Work item: Return every record below exactly as written, but leave out the pictures.

Available data:

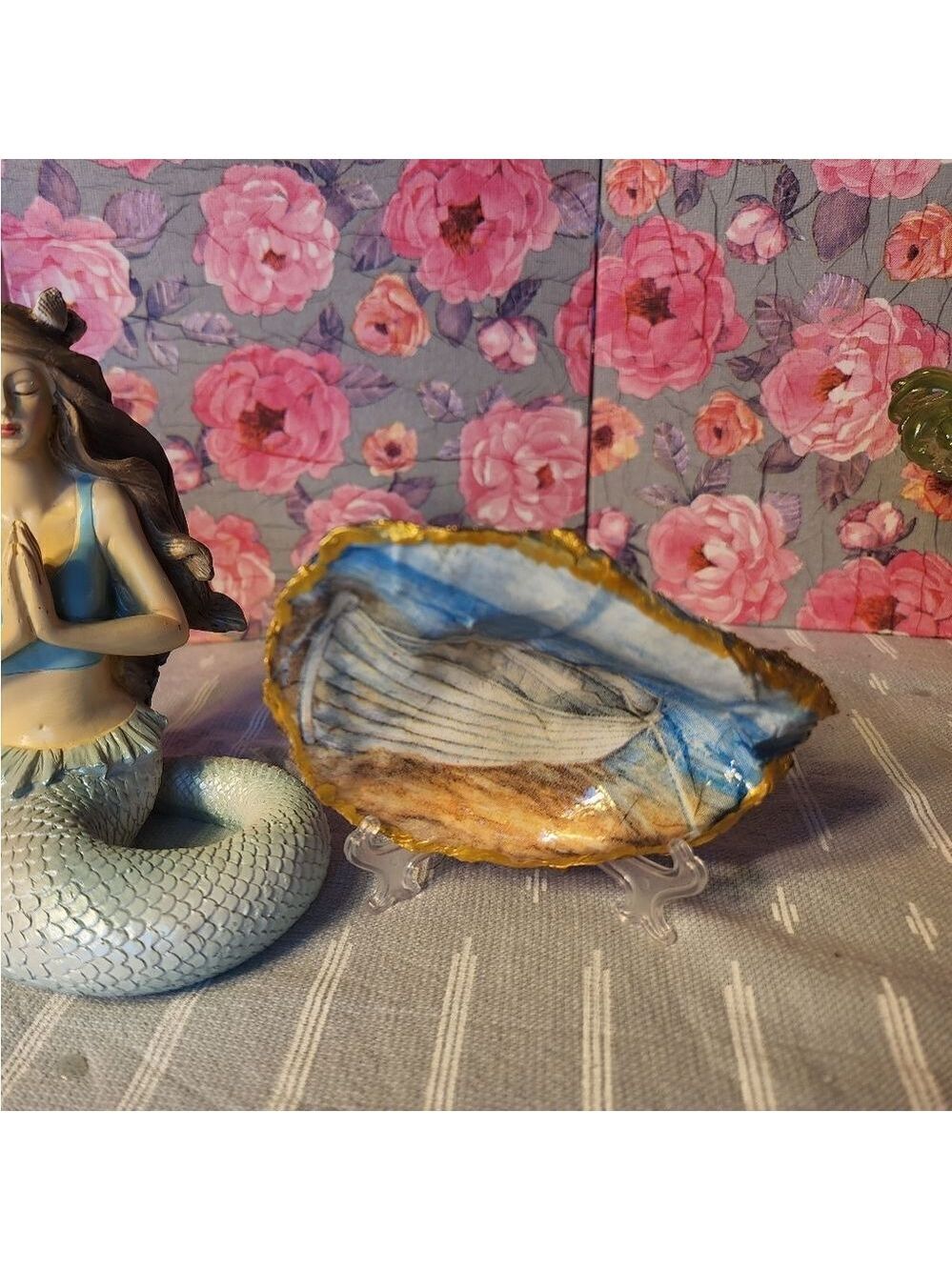 DECOUPAGE ROW BOAT ON A OYSTER SHELL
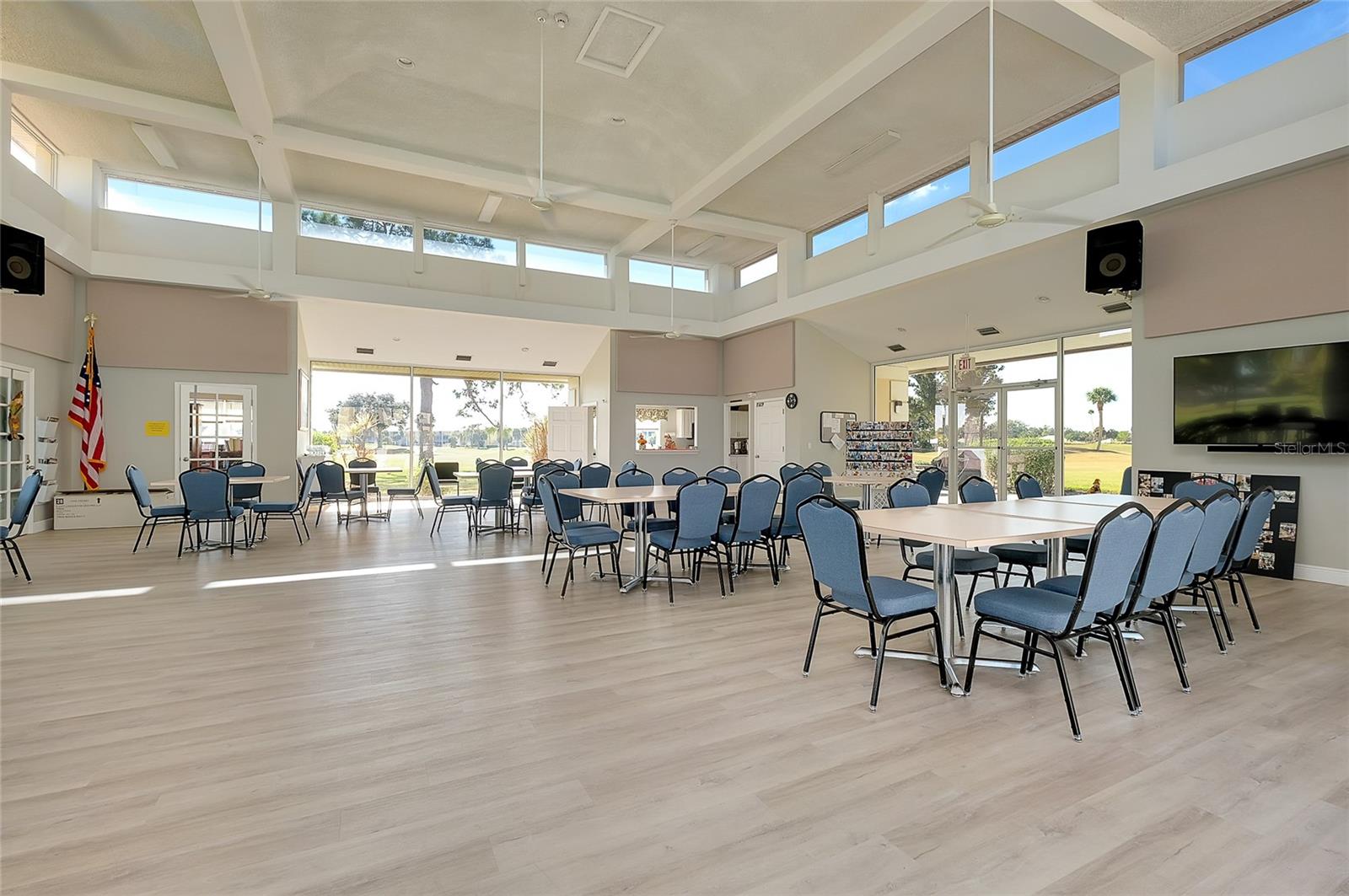 Image 62 of 90 For 929 Wexford Boulevard 929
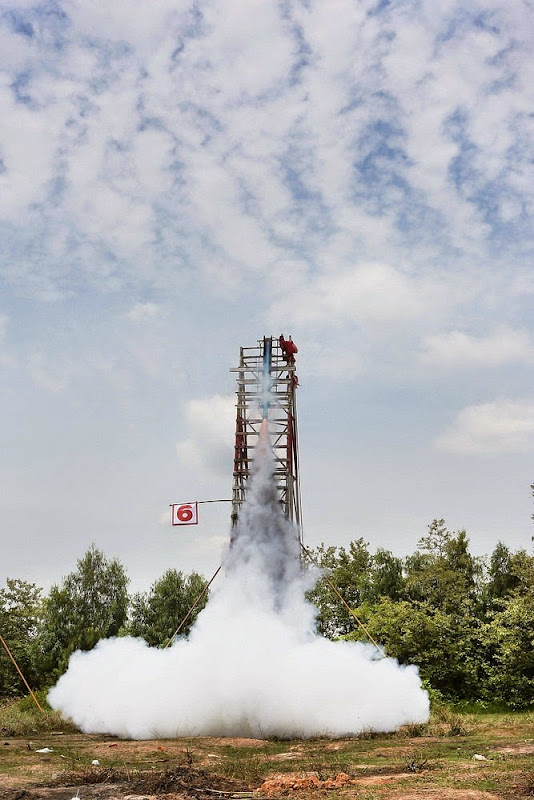 yasothon-rocket-festival-11%25255B1%25255D.jpg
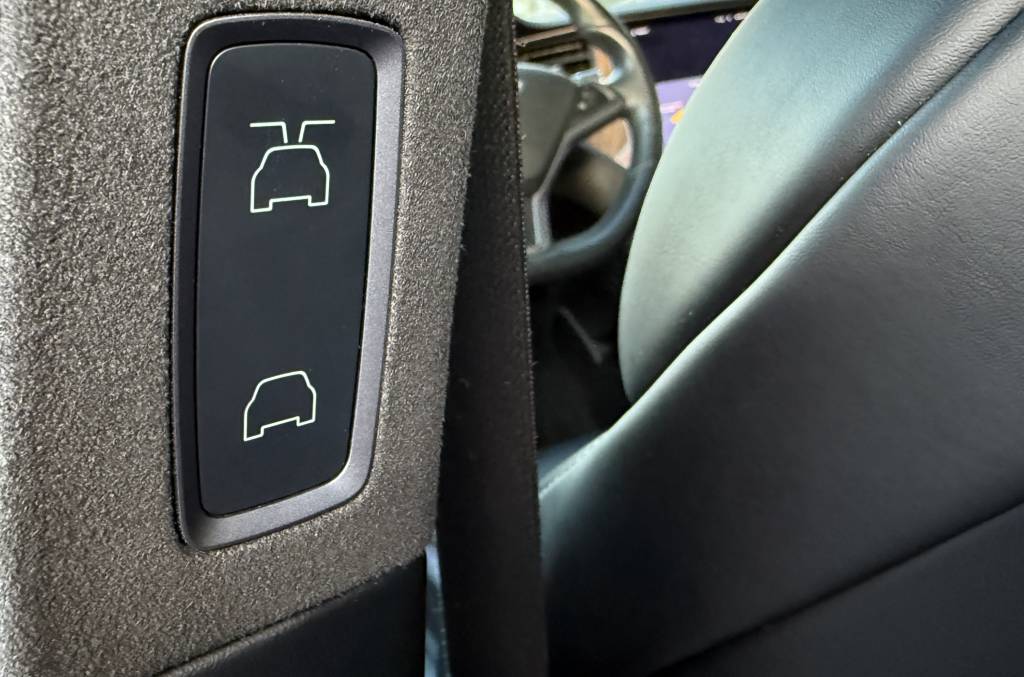 Tesla Model X LONG RANGE DUAL MOTOR 6-MIEST PREMIUM KONEKTIVITA R22 421kW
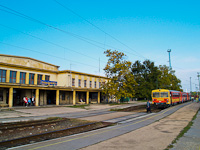 A MÁV Bzmot 321 Dunaújváros állomáson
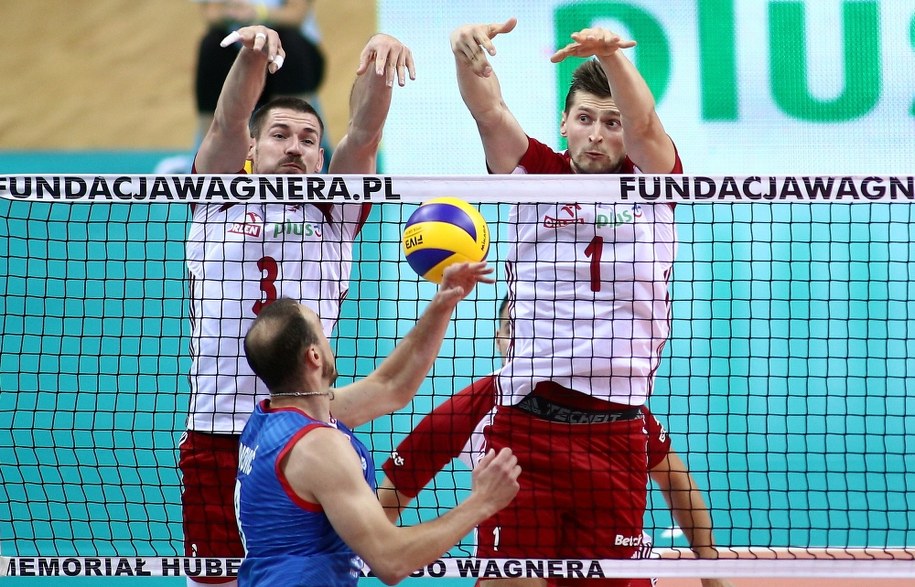 Dawid Konarski (L), Piotr Nowakowski (P) oraz Serb Marco Ivovic (przód) //Łukasz Gągulski /PAP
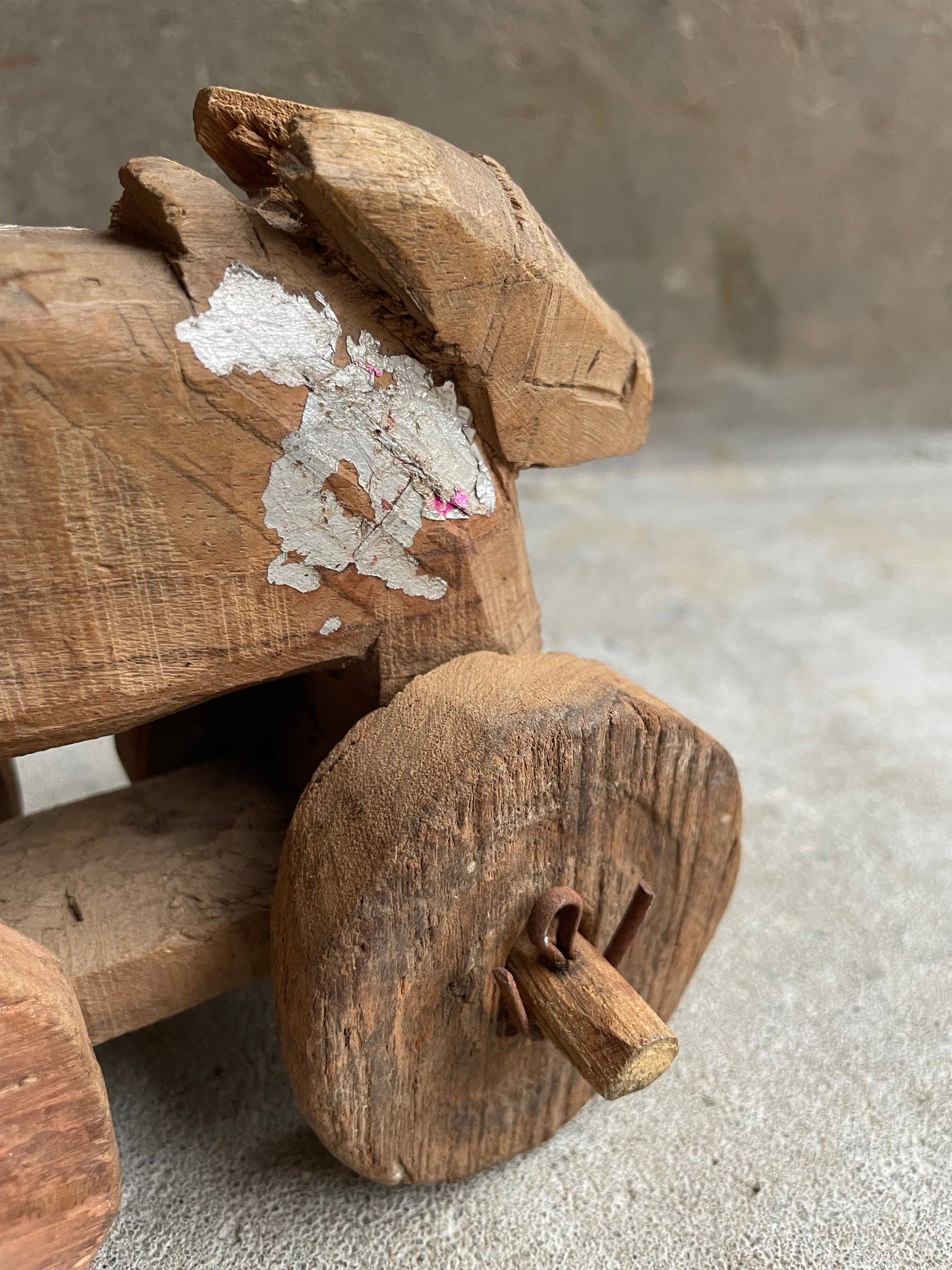 Oude speelgoed Nandi stier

Response to this task:
 DECOUPAGE ROW BOAT ON A OYSTER SHELL
 Image 62 of 90 For 929 Wexford Boulevard 929
 yasothon-rocket-festival-11%25255B1%25255D.jpg
 Tesla Model X LONG RANGE DUAL MOTOR 6-MIEST PREMIUM KONEKTIVITA R22 421kW
 A MÁV Bzmot 321 Dunaújváros állomáson
 Dawid Konarski (L), Piotr Nowakowski (P) oraz Serb Marco Ivovic (przód) //Łukasz Gągulski /PAP
 Oude speelgoed Nandi stier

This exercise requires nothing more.